[Exercise prompt]: Skip the pictures. Copy all the rest of the records down exactly.

[Exercise materials]:
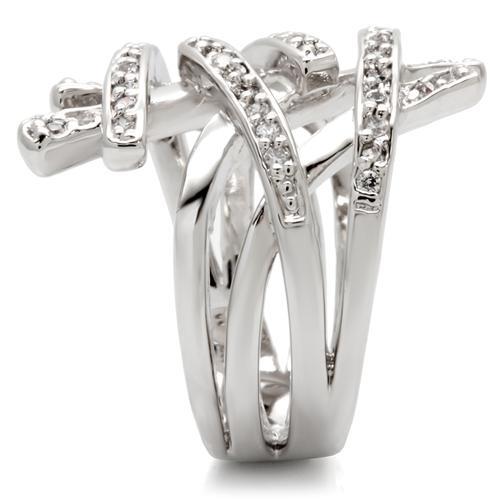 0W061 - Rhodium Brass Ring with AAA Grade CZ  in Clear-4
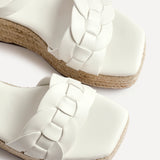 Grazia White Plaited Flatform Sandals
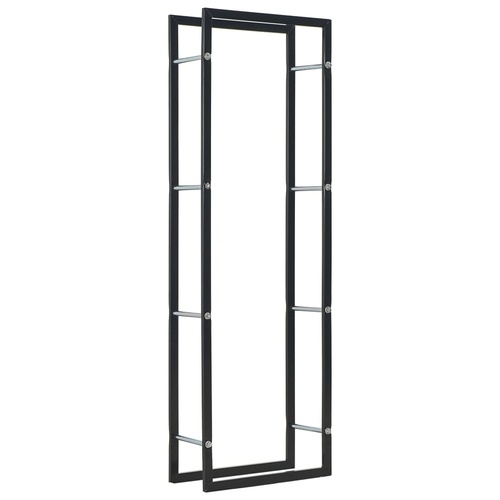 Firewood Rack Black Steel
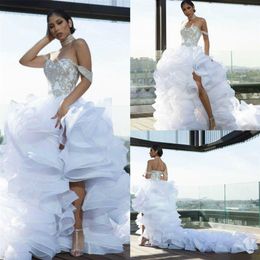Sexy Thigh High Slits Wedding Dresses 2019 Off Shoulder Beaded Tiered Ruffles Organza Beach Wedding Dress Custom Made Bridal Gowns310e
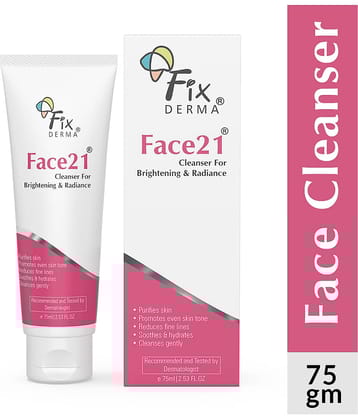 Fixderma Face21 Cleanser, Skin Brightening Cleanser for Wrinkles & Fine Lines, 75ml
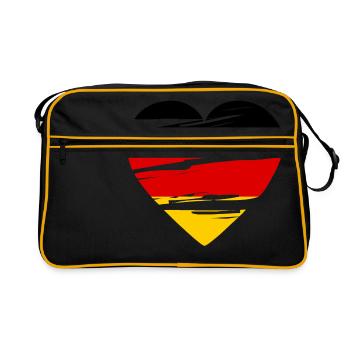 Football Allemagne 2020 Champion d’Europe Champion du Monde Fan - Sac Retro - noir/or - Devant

[Answer section]:
 0W061 - Rhodium Brass Ring with AAA Grade CZ  in Clear-4
 Grazia White Plaited Flatform Sandals
 Firewood Rack Black Steel
Sexy Thigh High Slits Wedding Dresses 2019 Off Shoulder Beaded Tiered Ruffles Organza Beach Wedding Dress Custom Made Bridal Gowns310e
 Fixderma Face21 Cleanser, Skin Brightening Cleanser for Wrinkles & Fine Lines, 75ml
 Football Allemagne 2020 Champion d’Europe Champion du Monde Fan - Sac Retro - noir/or - Devant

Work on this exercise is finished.